Rudolf von Leyden (1908-1983) suggested that the ganjifa cards may have been brought to India by the first Mughals from their ancestral homeland in Inner Asia. When English Ambassador Edward Terry, author of "A Voyage to East-India" visited in the first quarter of the seventeenth century, he saw ganjifa cards often. Modern ganjifa is usually round but rectangular cards were more common during the 18th-century and from records Persian cards were always rectangular. The circular shape of ganjifa was perhaps therefore an Indian innovation.

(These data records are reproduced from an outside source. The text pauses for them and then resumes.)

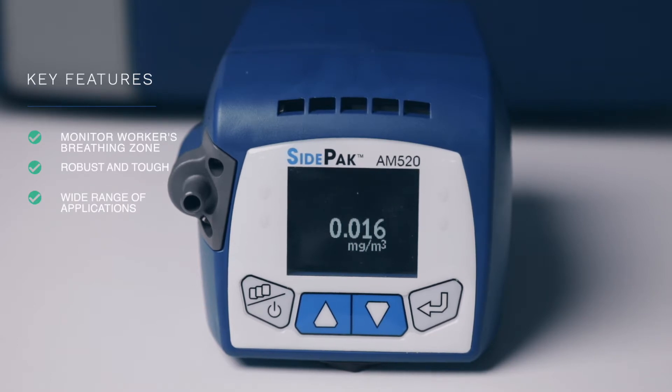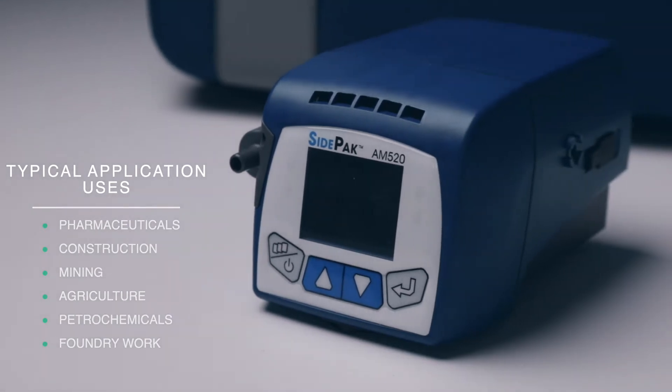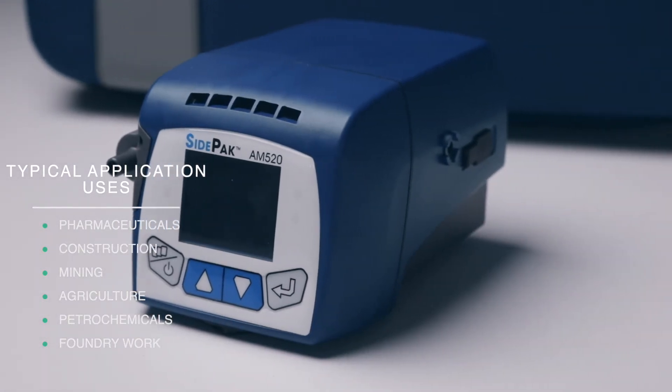The SidePak AM520 is suitable for various applications and is robust enough to survive rougher use in industry. Applications can include pharmaceuticals, construction, mining, agriculture, petrochemicals and foundry work, to name a few.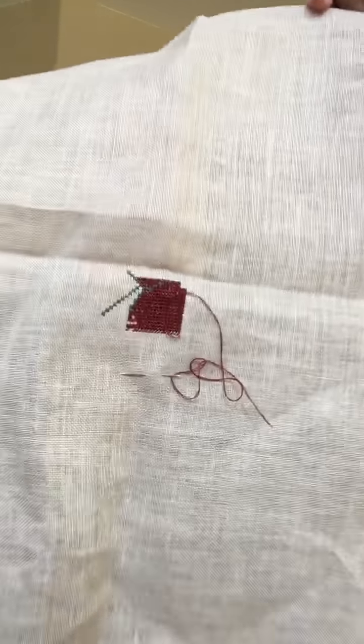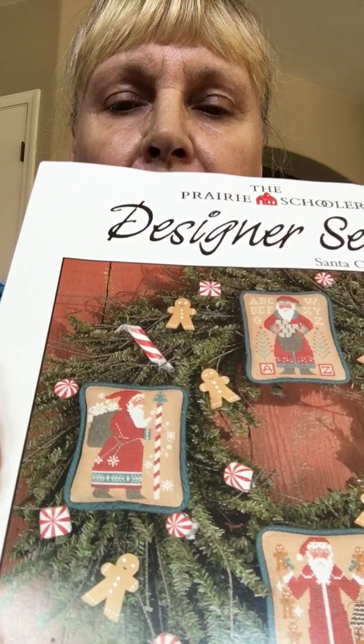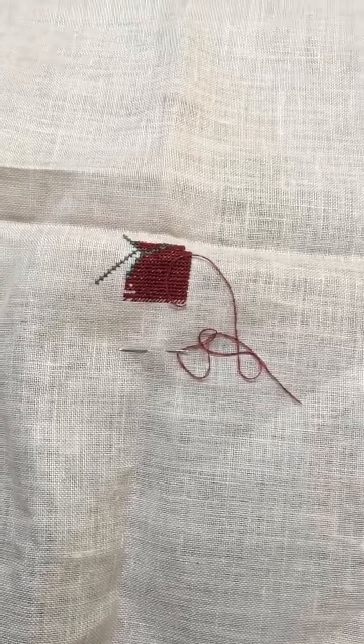Let me show you a couple of my WIPs. I showed this to you last video — it's a RAK, a random act of kindness. It's one of the Prairie Schooler Santas, the one with him next to the peppermint stick. I had it in Q-snaps but that's not comfortable for me anymore, so I finally took it out, pinked the edges so they won't ravel, and it's actually going much better in terms of stitching. Some projects are fun to stitch on and others kind of feel like work.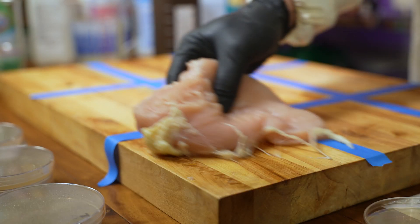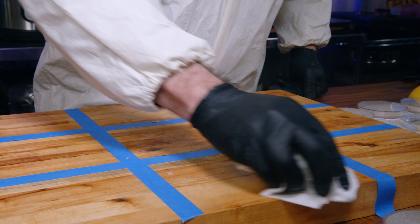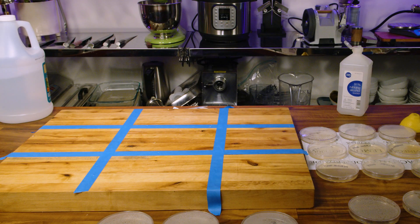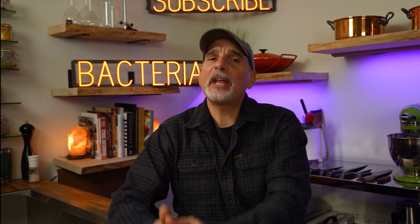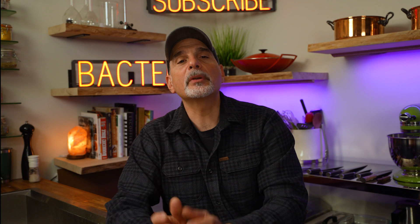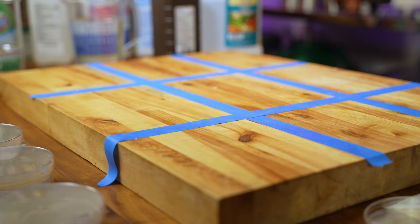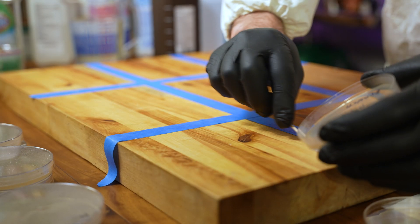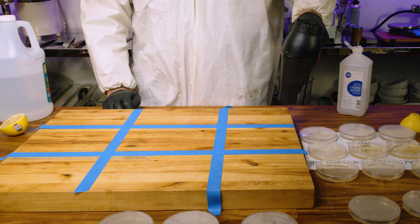I also want to see if these disinfectants work on their own without soap. So I'll recontaminate the cutting board with chicken, wipe off the excess with a paper towel, and apply the nine disinfectants without first washing the board with warm soapy water. Since national requirements mandate letting the surface dry when sanitizing with bleach or alcohol, I'm also curious to see what happens when we sample the alcohol and bleach sanitizers while they're still wet. After applying all disinfectants, I'm letting them dry.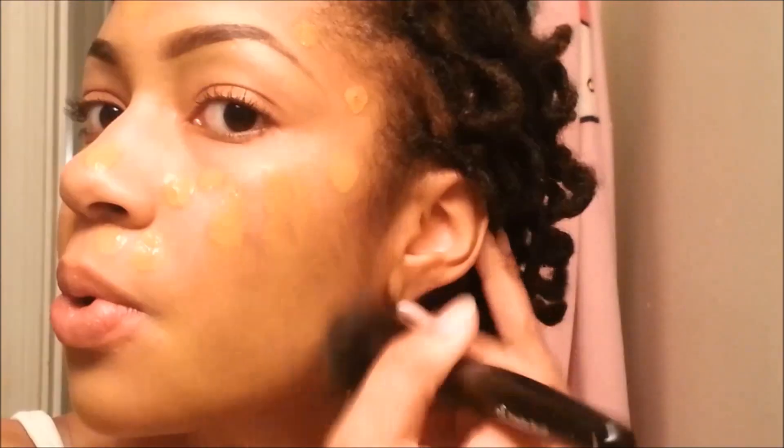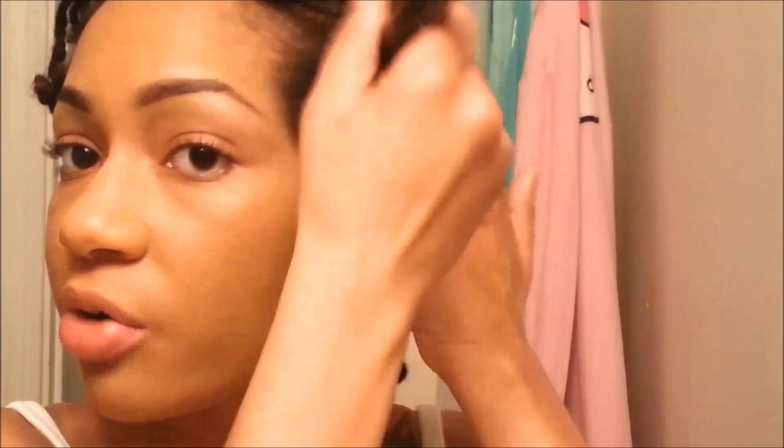The color looks like it might be all right but it might need to adjust a little bit. So far so good — it's definitely a full coverage foundation. This is actually two pumps that I put on.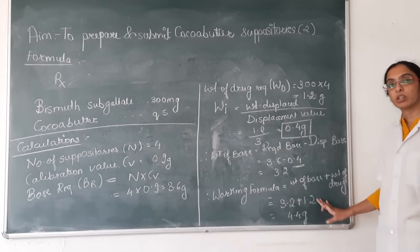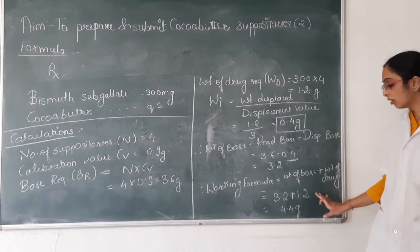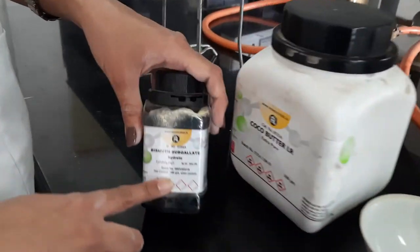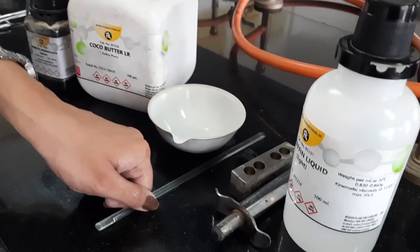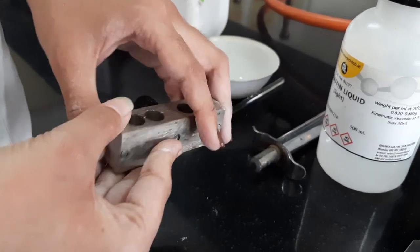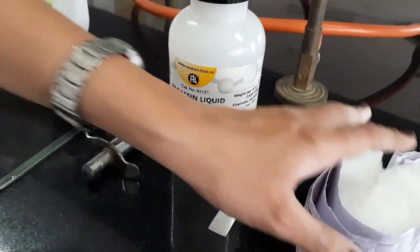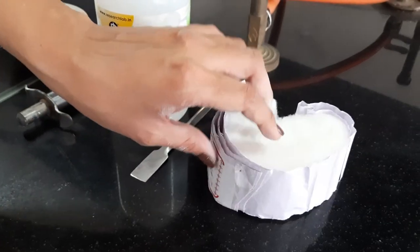Now we will see how to perform the procedure. The requirements are bismuth subgallate, coca butter as base, a petri dish, glass rod, suppository mold whose calibration has already been done at 0.9 gram for 1-gram capacity, a lighter, liquid paraffin for lubrication of the mold, a spatula, and cotton for lubrication.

Here we have a small, hand-painted box measuring 100mm long by 60mm high and 50mm deep. The colourful abstract design within the cross hatching resembles a poppy but might be related to motifs involved in the suits of the contents: 92 (of an original 96) distinct hand-painted discs about 45mm in diameter, plainly painted verso and forming eight families of a dozen. What an incredible survivor! Any pack of used cards has to be tough to endure. Think about it: constantly handled, bent, torn, folded, tossed about, rubbed against one another, doubtless used in proximity to food and drink.... Totally ephemeral.
Strikingly similar exhibits within the collections of the Ashmolean Museum in Oxford are identified as Mughal Ganjifa from Rajasthan dating to the 1790s. There is another example in the Fournier de Naipes Museum in Spain where even the box has the same colour and the card themselves, brighter and in better condition could easily have come from the same workshop! It has been confirmed that this “set is probably 19th century, and from Rajasthan.”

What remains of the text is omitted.